Tears fill Beavers' eyes as he talks about the niece he loved and lost in a violent stabbing that he is struggling to understand.

"I mean I could live to be 150 years old and never understand how this would happen to someone so loving," said Beavers.

According to court documents, Webber was with a couple of female friends in Cal Anderson Park just before 3 Sunday morning. They pulled out cigarettes and a man offered them a light. When they turned the man down, he allegedly went after two of them with a knife.

Webber was mortally wounded.  She died later at Harborview Medical Center.

The suspect, 50-year-old David Lee Nichols, was a no-show at this bail hearing Thursday.

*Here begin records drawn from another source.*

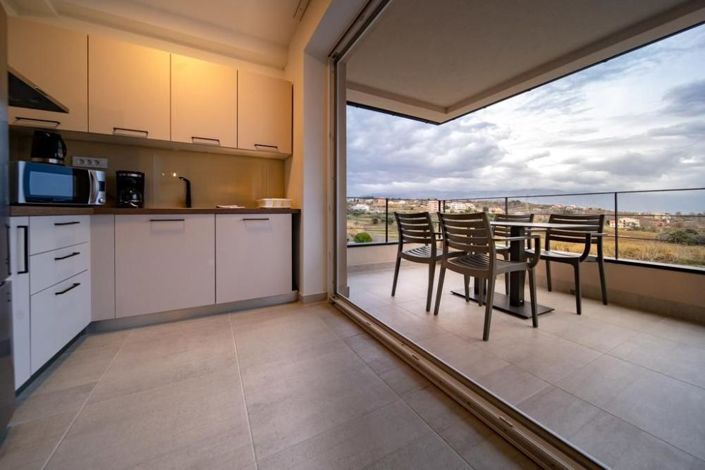 Image No.19-12 Bed Property for sale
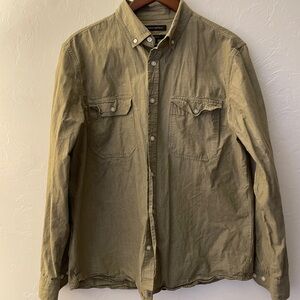 Banana Republic Men’s Olive Green Button Up Shirt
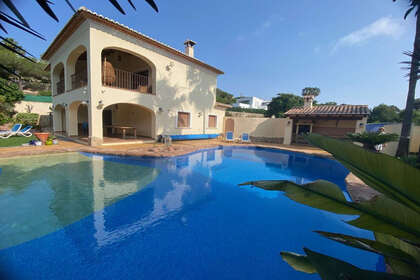 Chalet Adosado venta en Moraira, Alicante. 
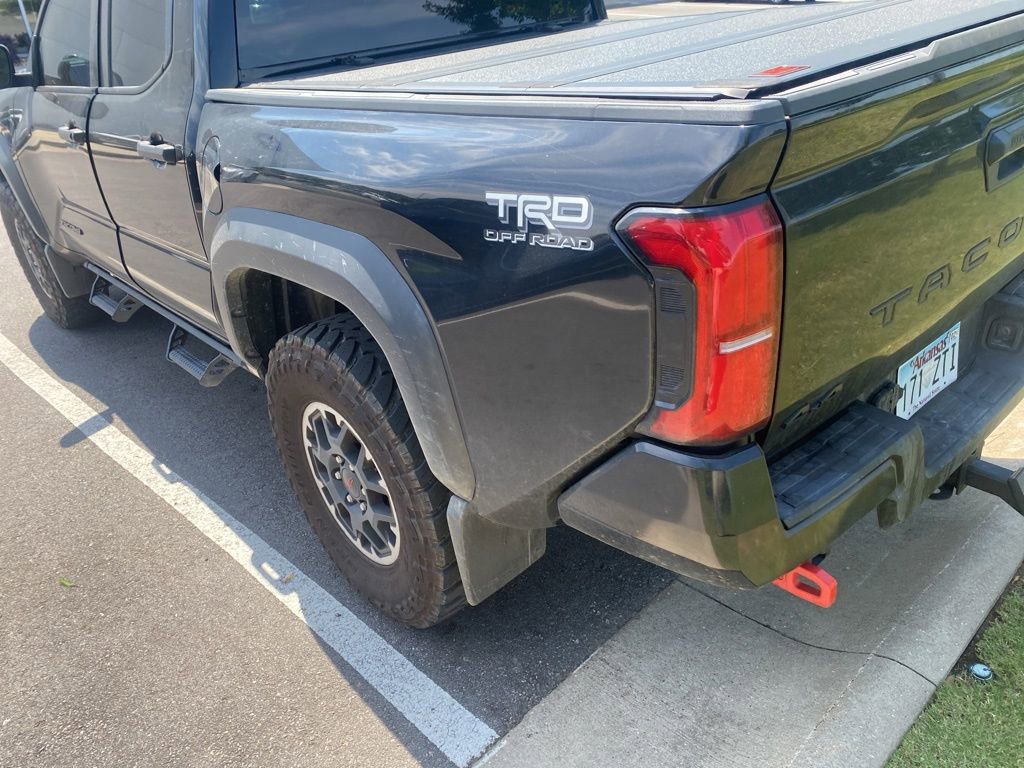 Used 2024 Toyota Tacoma TRD Off-Road AWD/4WD image 9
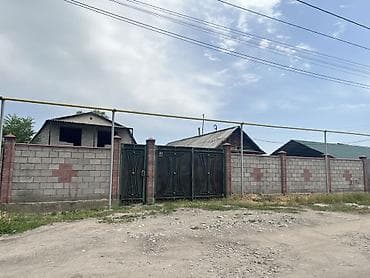 Үйлөр: Продаётся участок с домом по первой линии 11соток с капитальным домом — 1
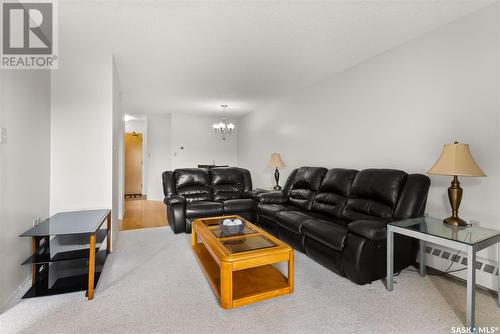 302 3420 Park Street, Regina, SK - Indoor Photo Showing Living Room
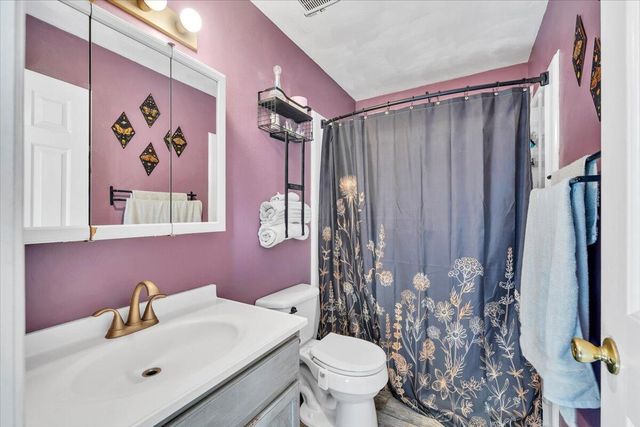 1697 Gordon AVE, Roanoke, VA 24014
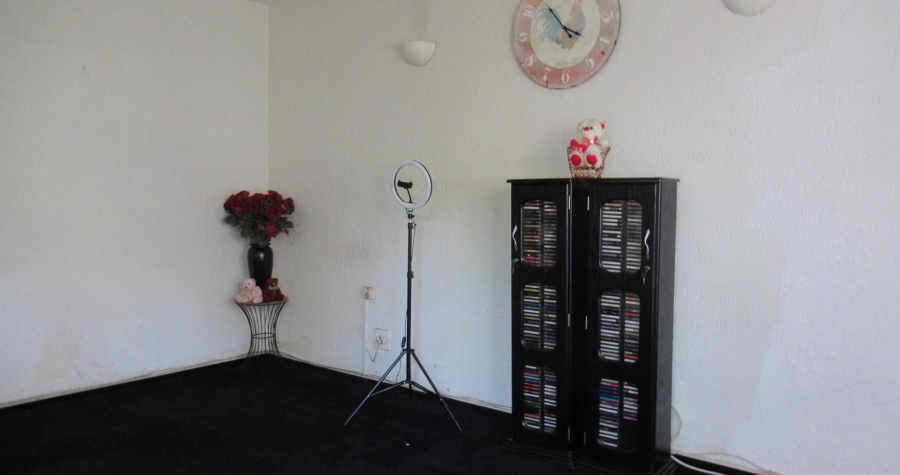 1 Bedroom Property for Sale in Morningside Gauteng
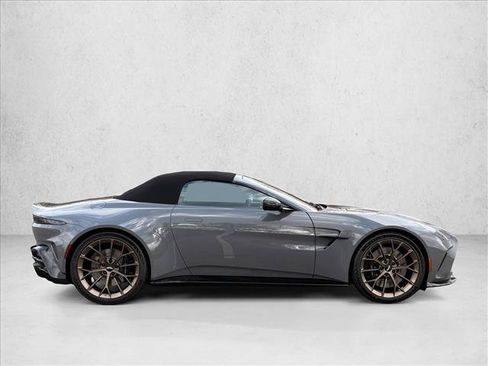 New 2026 Aston Martin V8 Vantage Convertible RWD image 17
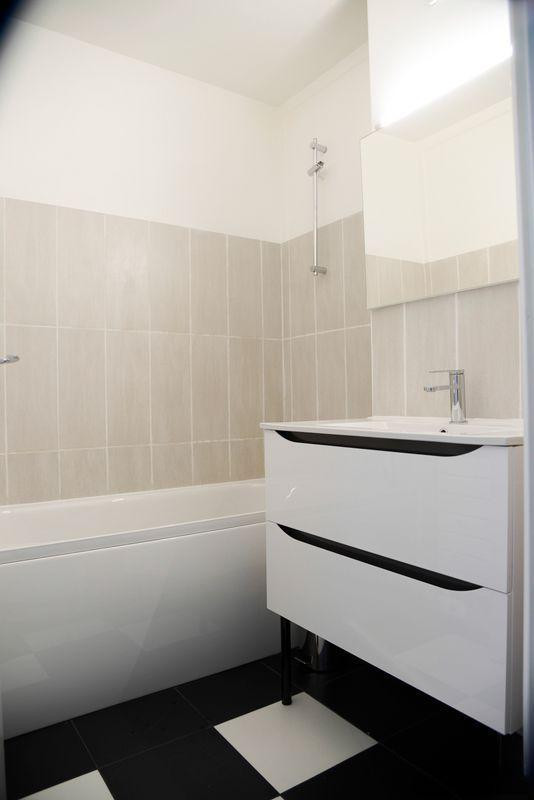 
                                                Location
                                                 Beau T3 meublé au coeur de la résidence d'Ancely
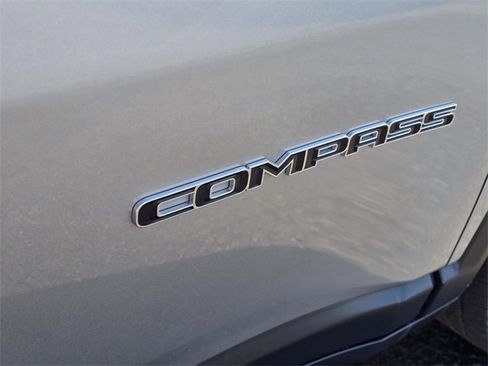 Used 2022 Jeep Compass Latitude w/ Convenience Group image 33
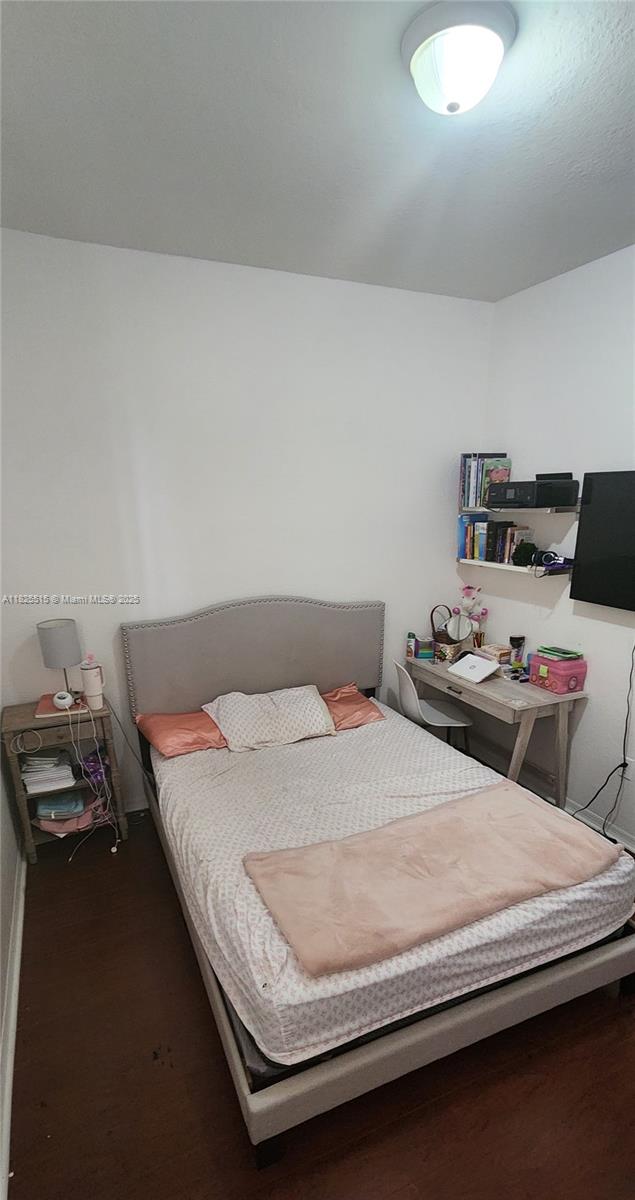 LAS TERRAZAS AT VIZCAYA C - Residential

Seattle police say surveillance video and eyewitness statements led them to Nichols in Tacoma.  He told investigators he noticed blood on his knife and tossed it out the window as he drove away.

Until now, Nichols' criminal history involved only minor infractions.

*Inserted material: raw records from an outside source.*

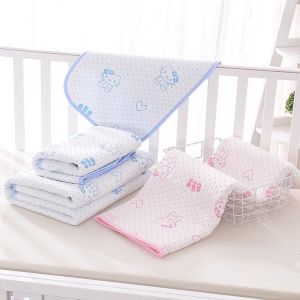 Lót lót chống thấm 4 lớp mềm mịn cho bé sơ sinh thay bỉm lót nôi kích thướt 50x60 cm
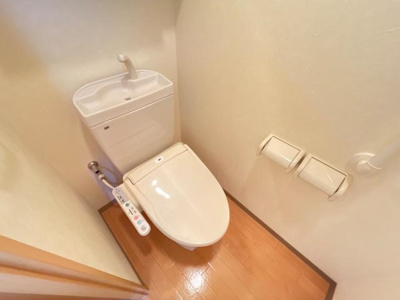 【トイレ】 | Hearty Residence | シャワー付トイレ
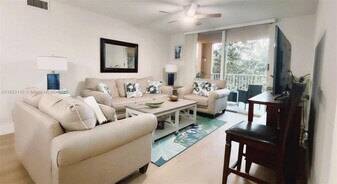 19801 E Country Club Dr in Aventura, FL - Building Photo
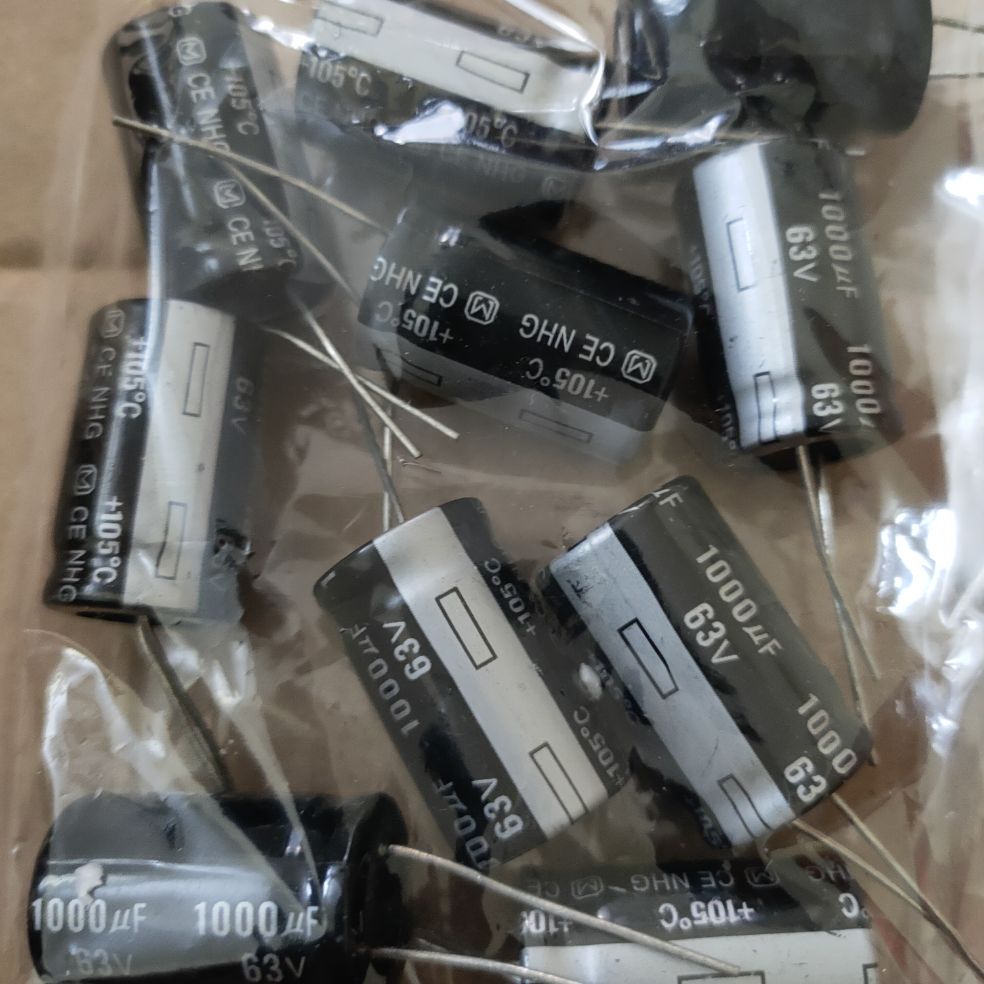 10 Tụ hoá 1000uf 63v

This memorial on Pine Street near the fatal attack is affecting those who live and work on Capitol Hill.  They are lamenting the violence here that claimed the life of a woman they did not know.

"It's pretty horrendous and very sad," said Fox Dugan, an 8-year Capitol Hill resident.  "I grew up in neighborhoods like this. And no one wants neighborhoods like this."

"I mean this is what, the third incident that's happened recently, I think," said Terrance Johnson, who has lived on Capitol Hill for a couple of years. "And so it's kind of scary to think about. That the neighborhood's kind of going in this direction with all the people coming here."

"No, I'm not surprised that it happened in Seattle, just in general," said Jessy Forsmo-Shadid who works on Capitol Hill but lives in Shoreline.   "It's not really safe to be out here at night which is why I, like, I only come around here in the morning, midday. But like at night I'm not too trusting."

Now a family is left to mourn a woman who turned 25 just three weeks ago.

"It's hard on her mother," said Beavers. "Hard on her Dad. Hard on her sisters and brothers because she was the oldest. And they looked up to her. And we all loved her."

Webber also leaves behind a 6-year-old daughter.

The man suspected of killing her is being held at the King County Jail on $2 million bail.

The King County prosecutor has until Monday to decide whether to charge him with her murder.